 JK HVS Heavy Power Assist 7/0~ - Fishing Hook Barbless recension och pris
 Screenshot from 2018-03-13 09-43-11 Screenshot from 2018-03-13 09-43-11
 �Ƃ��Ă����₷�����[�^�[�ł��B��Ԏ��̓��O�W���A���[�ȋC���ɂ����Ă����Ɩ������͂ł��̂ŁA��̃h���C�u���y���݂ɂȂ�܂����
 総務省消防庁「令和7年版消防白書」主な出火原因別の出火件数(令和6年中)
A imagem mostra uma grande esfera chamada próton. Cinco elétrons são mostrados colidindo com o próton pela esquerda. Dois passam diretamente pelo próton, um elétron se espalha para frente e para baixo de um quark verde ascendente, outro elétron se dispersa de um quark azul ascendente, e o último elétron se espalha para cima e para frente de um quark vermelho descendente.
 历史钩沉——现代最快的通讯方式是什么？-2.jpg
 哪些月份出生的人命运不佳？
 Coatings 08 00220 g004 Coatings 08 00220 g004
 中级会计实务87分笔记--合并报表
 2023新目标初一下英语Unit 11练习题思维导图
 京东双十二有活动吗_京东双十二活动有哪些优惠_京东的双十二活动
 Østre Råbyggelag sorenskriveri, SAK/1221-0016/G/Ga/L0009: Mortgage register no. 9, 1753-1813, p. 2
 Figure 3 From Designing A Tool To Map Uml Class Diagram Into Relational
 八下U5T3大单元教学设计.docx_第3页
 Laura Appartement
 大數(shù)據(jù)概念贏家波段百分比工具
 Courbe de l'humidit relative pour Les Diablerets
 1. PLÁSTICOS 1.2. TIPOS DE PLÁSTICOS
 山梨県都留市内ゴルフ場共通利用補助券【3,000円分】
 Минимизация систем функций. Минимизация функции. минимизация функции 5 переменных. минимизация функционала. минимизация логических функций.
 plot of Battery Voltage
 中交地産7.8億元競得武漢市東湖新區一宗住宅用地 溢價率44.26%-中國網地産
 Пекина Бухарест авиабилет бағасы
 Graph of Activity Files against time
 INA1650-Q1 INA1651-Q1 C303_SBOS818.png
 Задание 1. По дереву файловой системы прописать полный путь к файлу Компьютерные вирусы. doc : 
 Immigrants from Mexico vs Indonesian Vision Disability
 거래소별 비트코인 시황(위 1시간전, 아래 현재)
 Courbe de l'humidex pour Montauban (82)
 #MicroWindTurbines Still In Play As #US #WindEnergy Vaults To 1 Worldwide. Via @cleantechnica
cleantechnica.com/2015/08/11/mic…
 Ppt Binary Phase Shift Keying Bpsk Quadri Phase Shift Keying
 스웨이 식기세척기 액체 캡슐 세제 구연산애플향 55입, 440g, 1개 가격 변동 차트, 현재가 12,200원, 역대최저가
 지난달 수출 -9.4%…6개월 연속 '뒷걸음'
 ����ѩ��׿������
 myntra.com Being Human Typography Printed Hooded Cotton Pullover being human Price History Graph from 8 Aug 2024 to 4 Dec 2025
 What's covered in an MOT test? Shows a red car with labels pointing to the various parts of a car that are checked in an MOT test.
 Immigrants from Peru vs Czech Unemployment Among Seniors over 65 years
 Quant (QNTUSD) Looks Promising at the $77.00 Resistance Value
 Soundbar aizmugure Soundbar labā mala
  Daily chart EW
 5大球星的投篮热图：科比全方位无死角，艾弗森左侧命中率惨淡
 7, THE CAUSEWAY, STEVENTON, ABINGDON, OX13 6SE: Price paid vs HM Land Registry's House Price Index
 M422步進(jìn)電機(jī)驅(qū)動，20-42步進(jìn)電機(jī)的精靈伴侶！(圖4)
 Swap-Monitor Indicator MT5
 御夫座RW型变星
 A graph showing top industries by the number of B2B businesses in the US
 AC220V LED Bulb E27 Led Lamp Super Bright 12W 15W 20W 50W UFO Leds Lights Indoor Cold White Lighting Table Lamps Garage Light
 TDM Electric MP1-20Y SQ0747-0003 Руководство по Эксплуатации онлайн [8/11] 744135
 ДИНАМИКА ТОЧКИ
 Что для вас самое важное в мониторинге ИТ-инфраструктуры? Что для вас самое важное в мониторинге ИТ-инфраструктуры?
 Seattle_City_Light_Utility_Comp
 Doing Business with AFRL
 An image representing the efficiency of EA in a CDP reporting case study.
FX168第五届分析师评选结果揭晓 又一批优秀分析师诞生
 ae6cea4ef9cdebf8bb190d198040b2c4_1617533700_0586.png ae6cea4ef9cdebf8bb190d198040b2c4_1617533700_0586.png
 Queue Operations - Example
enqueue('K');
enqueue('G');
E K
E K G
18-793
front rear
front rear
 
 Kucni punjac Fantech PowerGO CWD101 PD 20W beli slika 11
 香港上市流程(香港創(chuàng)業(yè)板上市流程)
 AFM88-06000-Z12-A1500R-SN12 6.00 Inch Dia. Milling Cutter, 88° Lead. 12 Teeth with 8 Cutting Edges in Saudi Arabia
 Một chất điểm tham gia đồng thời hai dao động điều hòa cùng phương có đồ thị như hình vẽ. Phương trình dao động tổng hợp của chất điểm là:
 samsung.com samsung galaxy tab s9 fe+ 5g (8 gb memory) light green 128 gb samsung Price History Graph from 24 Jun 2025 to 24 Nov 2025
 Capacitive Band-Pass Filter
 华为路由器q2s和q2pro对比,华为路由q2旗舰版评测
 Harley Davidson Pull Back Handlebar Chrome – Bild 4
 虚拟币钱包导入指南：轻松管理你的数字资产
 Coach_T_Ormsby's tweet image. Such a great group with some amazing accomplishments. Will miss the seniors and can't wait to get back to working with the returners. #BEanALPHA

WHAT YOU HAVE TO DO: Up to and including the line with "Courbe de l'humidex pour Montauban (82)", write out the records above exactly, starting from their first line.

RESPONSE TO THE TASK:
 JK HVS Heavy Power Assist 7/0~ - Fishing Hook Barbless recension och pris
 Screenshot from 2018-03-13 09-43-11 Screenshot from 2018-03-13 09-43-11
 �Ƃ��Ă����₷�����[�^�[�ł��B��Ԏ��̓��O�W���A���[�ȋC���ɂ����Ă����Ɩ������͂ł��̂ŁA��̃h���C�u���y���݂ɂȂ�܂����
 総務省消防庁「令和7年版消防白書」主な出火原因別の出火件数(令和6年中)
A imagem mostra uma grande esfera chamada próton. Cinco elétrons são mostrados colidindo com o próton pela esquerda. Dois passam diretamente pelo próton, um elétron se espalha para frente e para baixo de um quark verde ascendente, outro elétron se dispersa de um quark azul ascendente, e o último elétron se espalha para cima e para frente de um quark vermelho descendente.
 历史钩沉——现代最快的通讯方式是什么？-2.jpg
 哪些月份出生的人命运不佳？
 Coatings 08 00220 g004 Coatings 08 00220 g004
 中级会计实务87分笔记--合并报表
 2023新目标初一下英语Unit 11练习题思维导图
 京东双十二有活动吗_京东双十二活动有哪些优惠_京东的双十二活动
 Østre Råbyggelag sorenskriveri, SAK/1221-0016/G/Ga/L0009: Mortgage register no. 9, 1753-1813, p. 2
 Figure 3 From Designing A Tool To Map Uml Class Diagram Into Relational
 八下U5T3大单元教学设计.docx_第3页
 Laura Appartement
 大數(shù)據(jù)概念贏家波段百分比工具
 Courbe de l'humidit relative pour Les Diablerets
 1. PLÁSTICOS 1.2. TIPOS DE PLÁSTICOS
 山梨県都留市内ゴルフ場共通利用補助券【3,000円分】
 Минимизация систем функций. Минимизация функции. минимизация функции 5 переменных. минимизация функционала. минимизация логических функций.
 plot of Battery Voltage
 中交地産7.8億元競得武漢市東湖新區一宗住宅用地 溢價率44.26%-中國網地産
 Пекина Бухарест авиабилет бағасы
 Graph of Activity Files against time
 INA1650-Q1 INA1651-Q1 C303_SBOS818.png
 Задание 1. По дереву файловой системы прописать полный путь к файлу Компьютерные вирусы. doc : 
 Immigrants from Mexico vs Indonesian Vision Disability
 거래소별 비트코인 시황(위 1시간전, 아래 현재)
 Courbe de l'humidex pour Montauban (82)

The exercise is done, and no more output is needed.